I’m currently in the middle of preparations to transition my library service from Amlib to Koha ILS, so I’m sympathetic to Andrew Kelly’s proposal for a single Western Australian Koha instance. But competition and the flexibility of being able to choose the tool that best suits a particular library service and the community it services are both key considerations. Statewide software projects do not have a particularly good track record in Australia, with huge cost blowouts and long delays the norm. In my view the last thing we should be doing is locking whole states into a single software product, even an open source one. If we want innovation and progress in library software, encouraging even more consolidation and less competition is a bad way to go about it. On the other hand, thousands of amazing products, platforms and ecosystems have been built on open standards - think of, well, everything built on the web, or all the things that use postcodes as a reference point.
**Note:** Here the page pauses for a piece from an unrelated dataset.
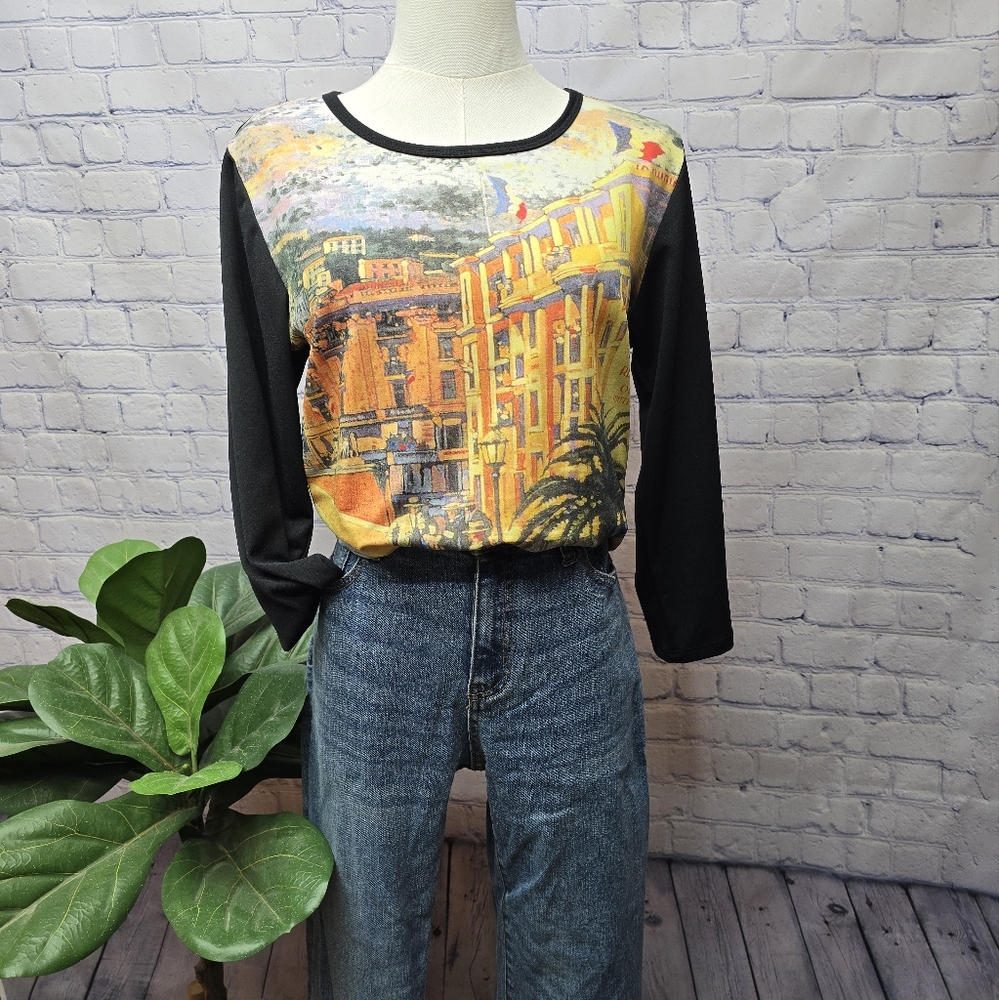 Y2K Susan Lawrence Monaco Grand Prix Art Top - Medium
Instead of creating an inflexible monolith by chasing dreams of One LMS to Rule them All, librarians everywhere should embrace the opportunities of open standards and modern, modular software design.

The best way to work together is when we can to talk to each other.


1

the implication being that proprietary software is less susceptible because the source code is secret. Given that every proprietary library management system I’ve ever seen has appallingly bad security practices, I found this question ...misguided. Neverthless I didn’t behave particularly well in response. Apologies to the questioner.

2

that is, if you typed in a string that looked like the barcodes used by that library service, you’d have access.